START DATASET EXTRACT

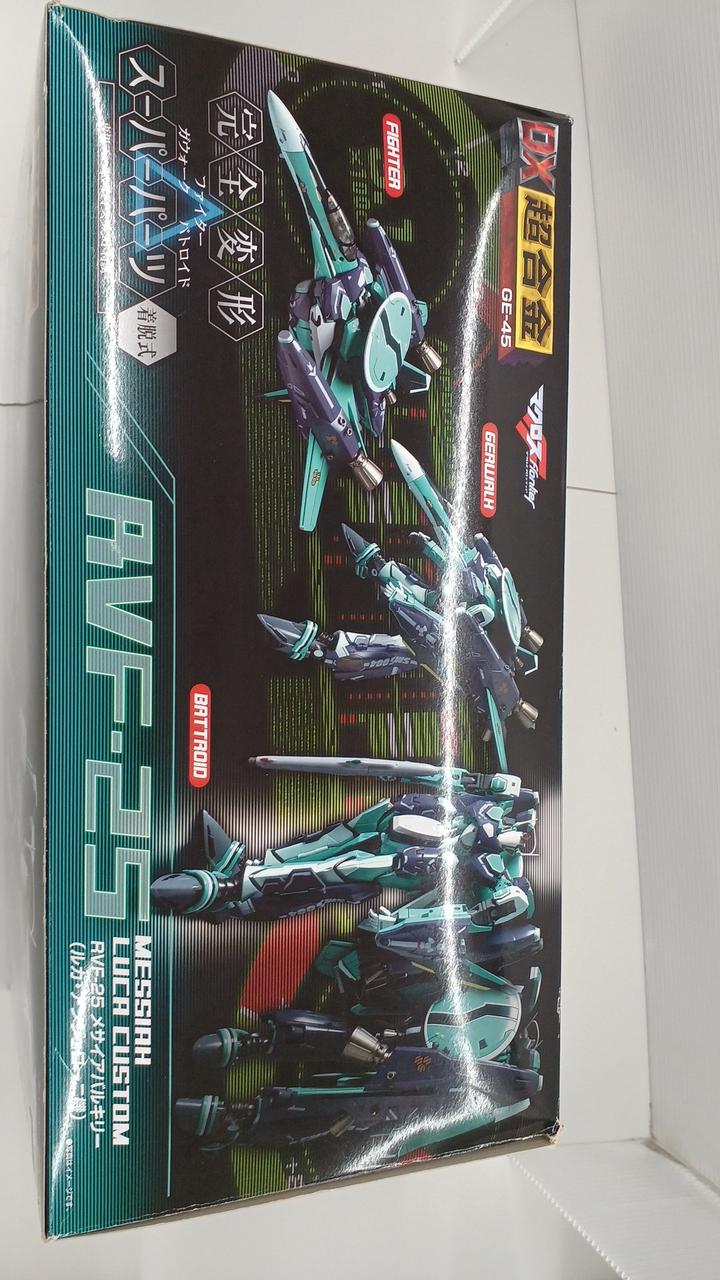 BANDAI DX Chogokin FVF-25 Messiah Valkyrie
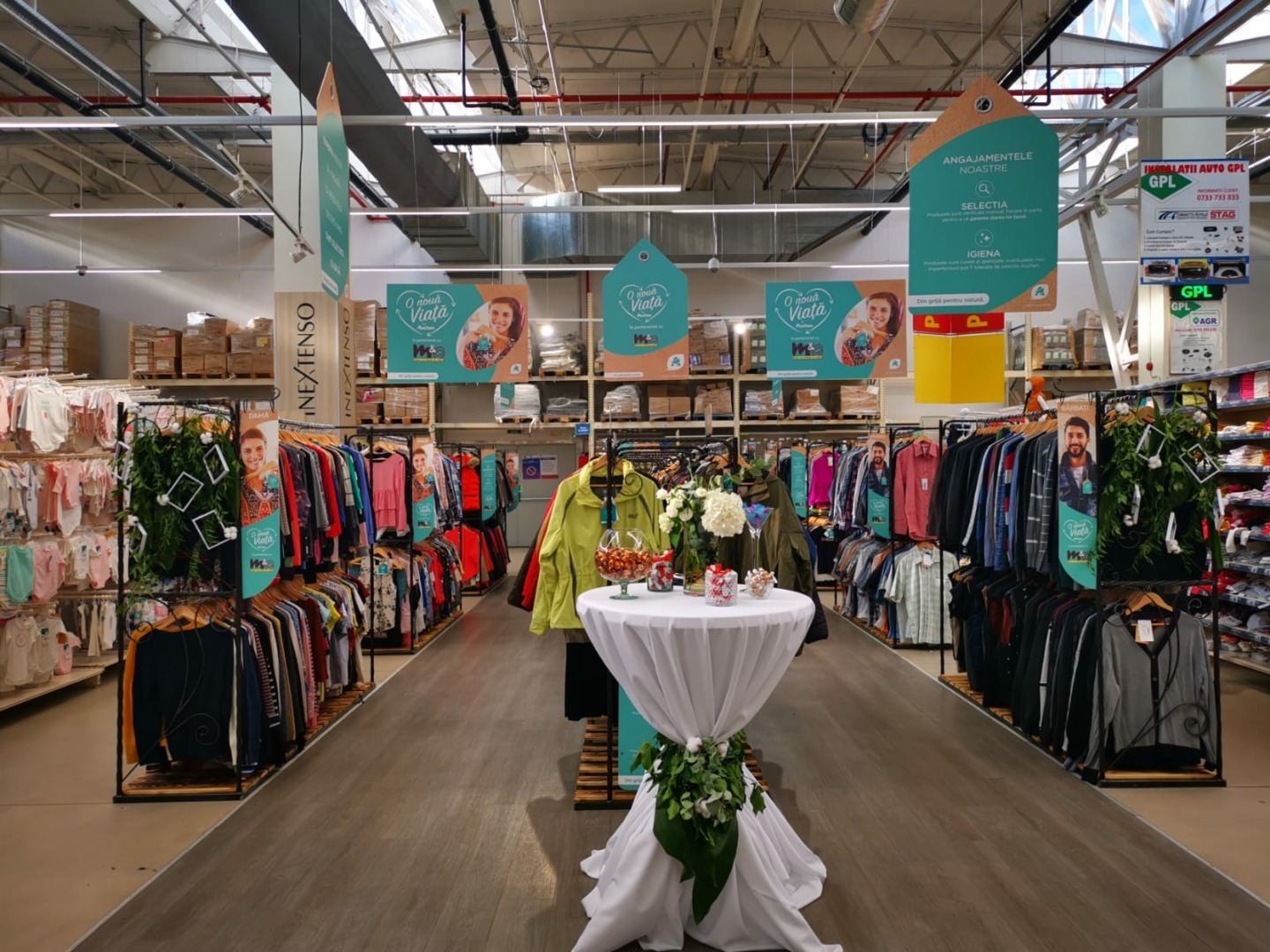 haine second hand, economie circulara, Auchan Craiova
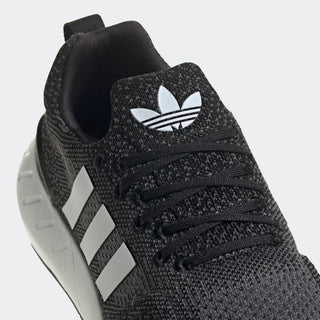 Adidas - Tênis de corrida Swift Run 22 masculino - Largura média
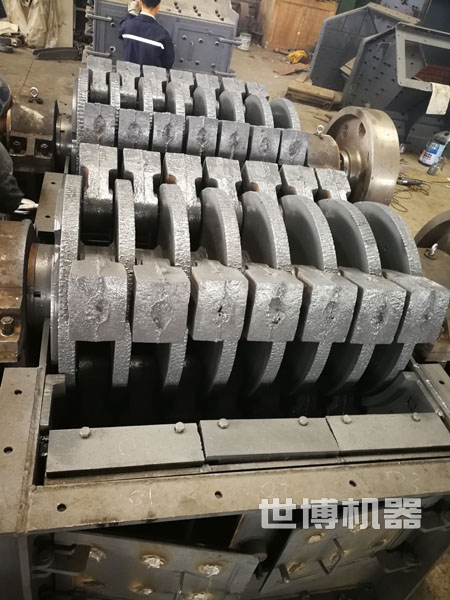 雙轉(zhuǎn)子制砂機(jī)結(jié)構(gòu)圖 雙轉(zhuǎn)子制砂機(jī)結(jié)構(gòu)圖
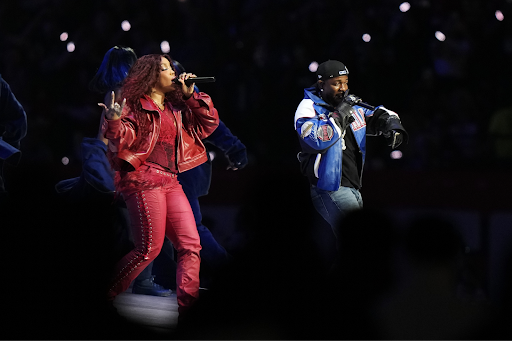 Kendrick and his backup dancers form into the American flag to accentuate the “American” theme, Kendrick performs his song “Humble” (Victoria Ochoa) 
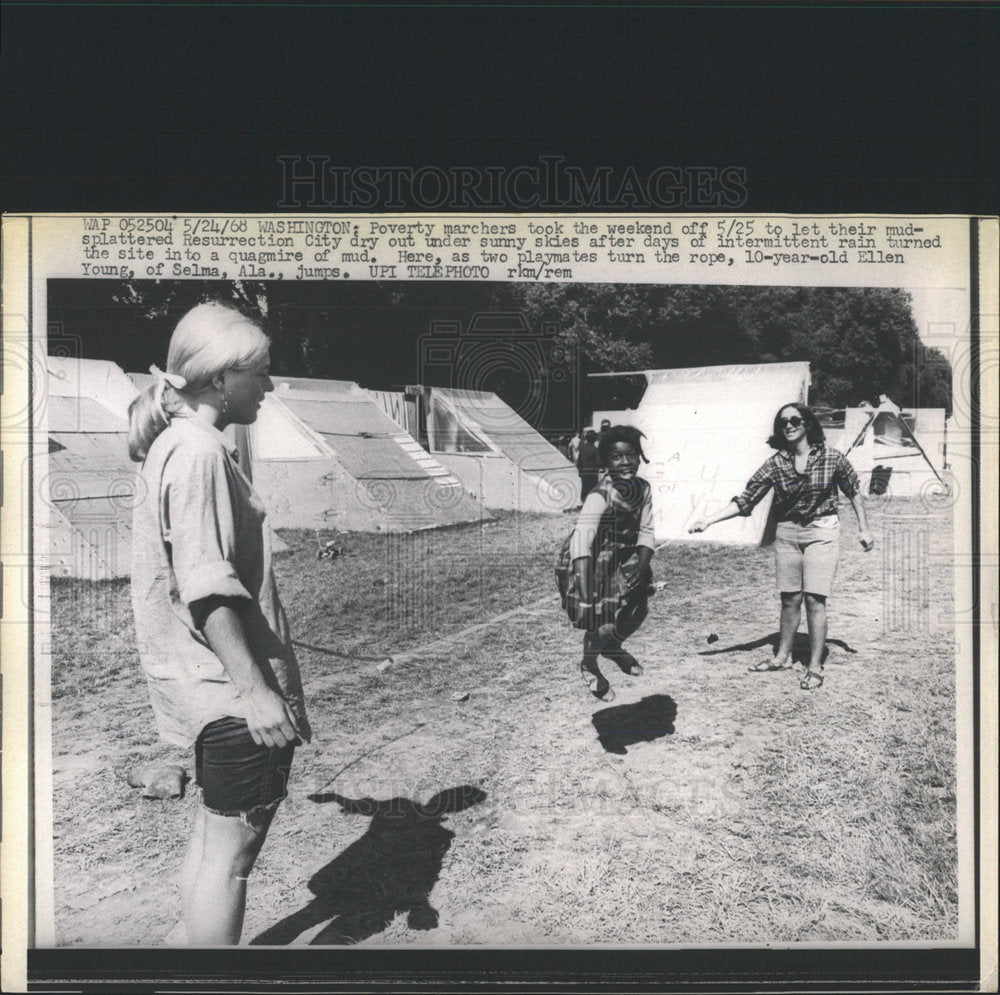 1968 Press Photo Kids Jumping Rope in Drying Mud - Historic Images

END DATASET EXTRACT

* EXERCISE
With pictures omitted, reproduce exactly the lines from the line containing "Adidas - Tênis" through the end of the data above.

* RESULT FOR THIS TASK
 Adidas - Tênis de corrida Swift Run 22 masculino - Largura média
 雙轉(zhuǎn)子制砂機(jī)結(jié)構(gòu)圖 雙轉(zhuǎn)子制砂機(jī)結(jié)構(gòu)圖
 Kendrick and his backup dancers form into the American flag to accentuate the “American” theme, Kendrick performs his song “Humble” (Victoria Ochoa) 
 1968 Press Photo Kids Jumping Rope in Drying Mud - Historic Images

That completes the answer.